#### [Goal of the exercise]
What you return must be the full data, repeated verbatim, with no pictures in it.

Source data:
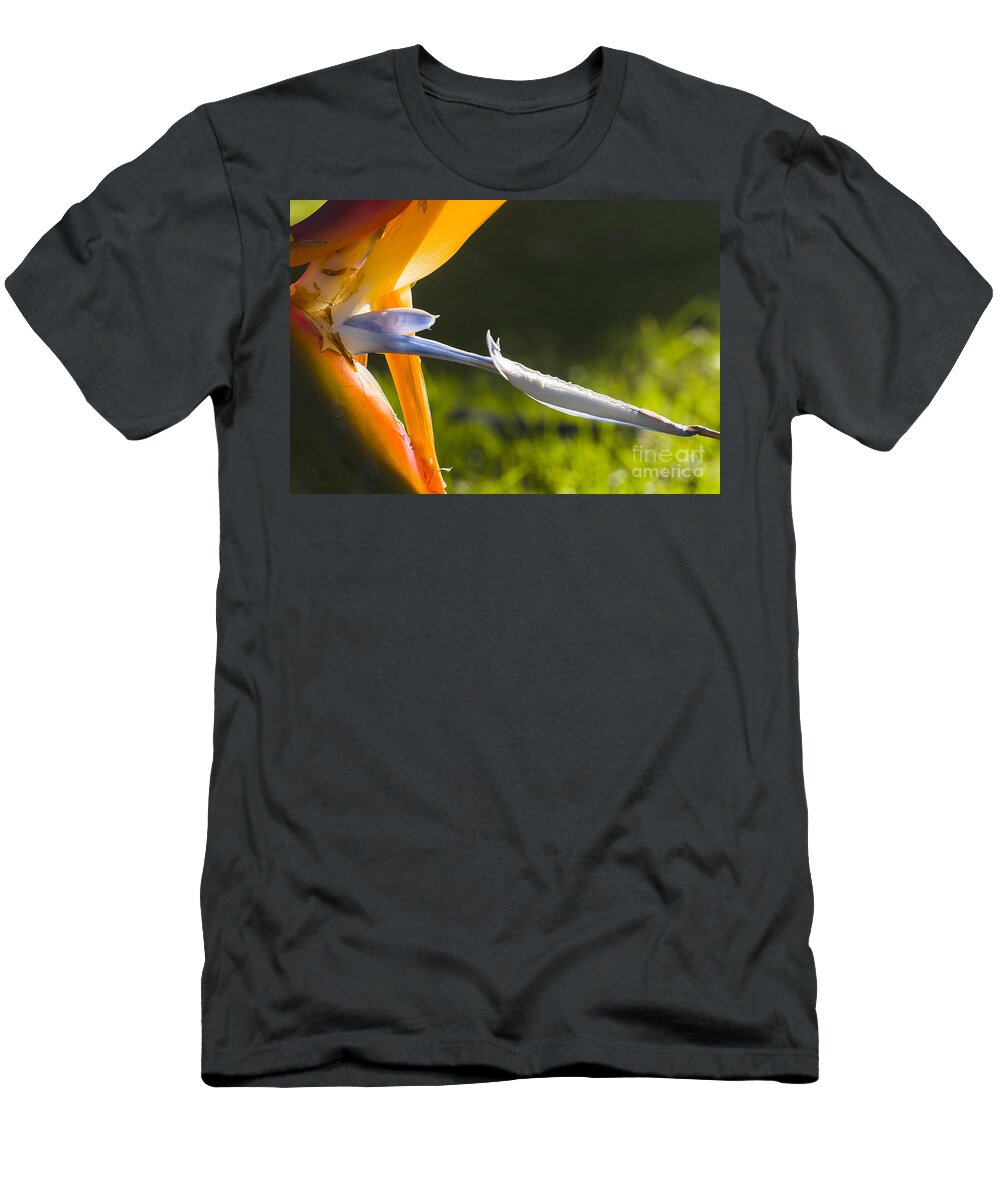 Australia T-Shirt featuring the photograph Bird of Paradise by Steven Ralser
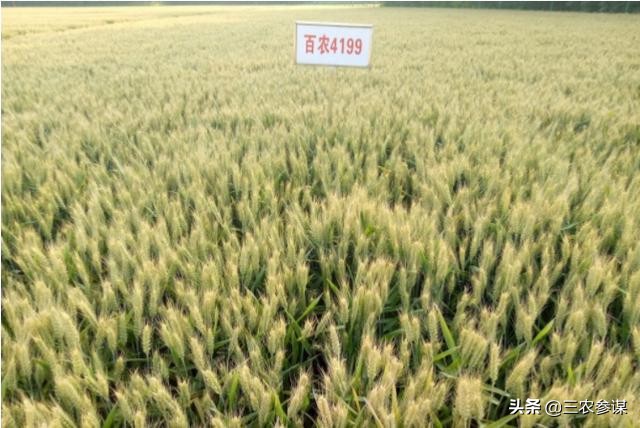 河南省小麦品种哪个最好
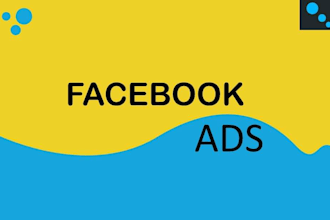 be your expert facebook ads campaign manager, fb advertising and marketing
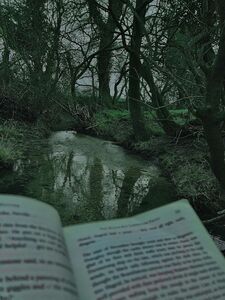 IHateReading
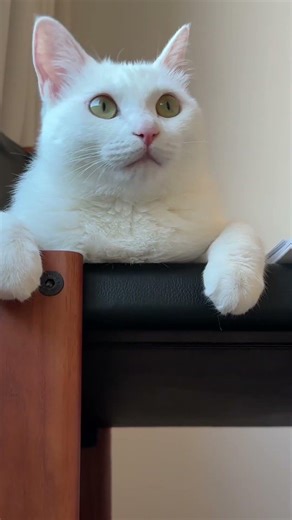 毎日当たり前だった「散らばる猫砂」💦PetSnowy SNOW＋ 全自動猫トイレがその悩みをスマートに解決します✨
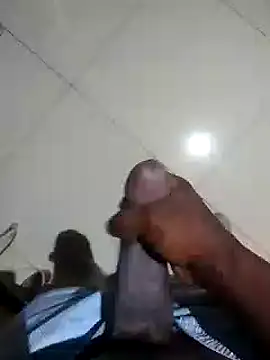 dikker online show from 26, 12, 2024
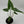 Alocasia Stingray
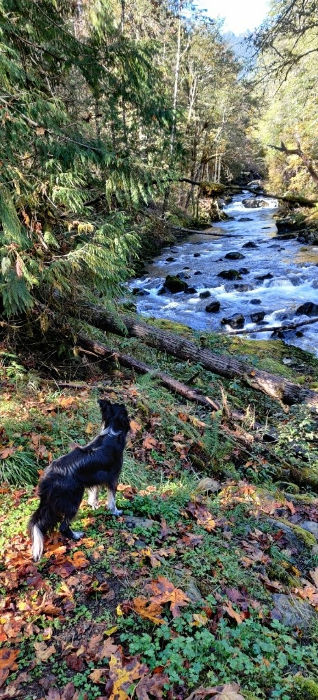 Hamma Hamma River Smudge 01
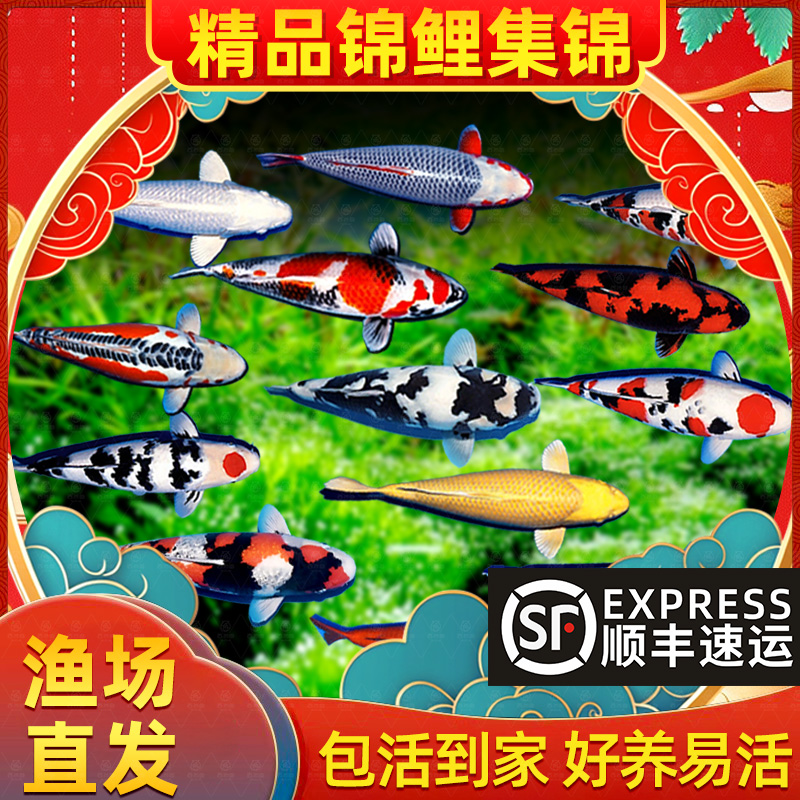 顺丰纯种三色观赏锦鲤活鱼大型高档冷水淡水金鱼易养耐活祥瑞鱼苗
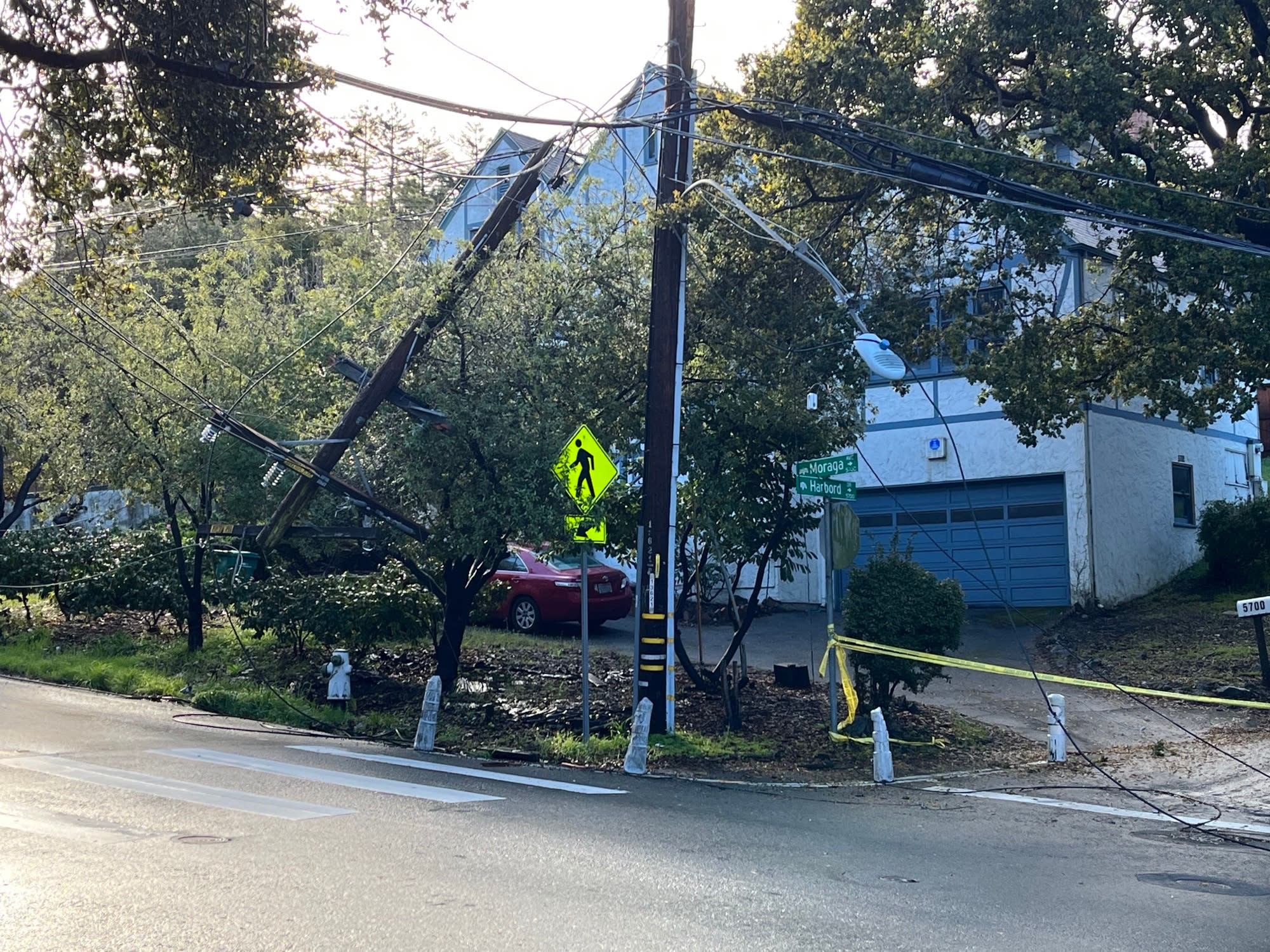 Utility pole and tree damage.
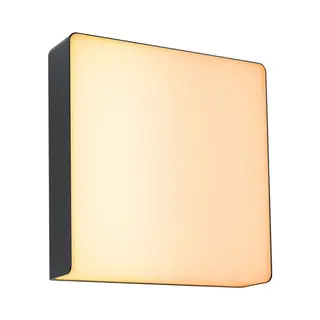 Paulmann Azalena Buitengebruik muurverlichting Led 10 W F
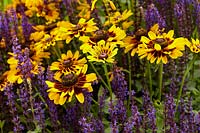 Salvia nemorosa, Rudbeckia Giggling SmileyZ â„¢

#### [Answer space]
 Australia T-Shirt featuring the photograph Bird of Paradise by Steven Ralser
 河南省小麦品种哪个最好
 be your expert facebook ads campaign manager, fb advertising and marketing
 IHateReading
 毎日当たり前だった「散らばる猫砂」💦PetSnowy SNOW＋ 全自動猫トイレがその悩みをスマートに解決します✨
 dikker online show from 26, 12, 2024
 Alocasia Stingray
 Hamma Hamma River Smudge 01
 顺丰纯种三色观赏锦鲤活鱼大型高档冷水淡水金鱼易养耐活祥瑞鱼苗
 Utility pole and tree damage.
 Paulmann Azalena Buitengebruik muurverlichting Led 10 W F
 Salvia nemorosa, Rudbeckia Giggling SmileyZ â„¢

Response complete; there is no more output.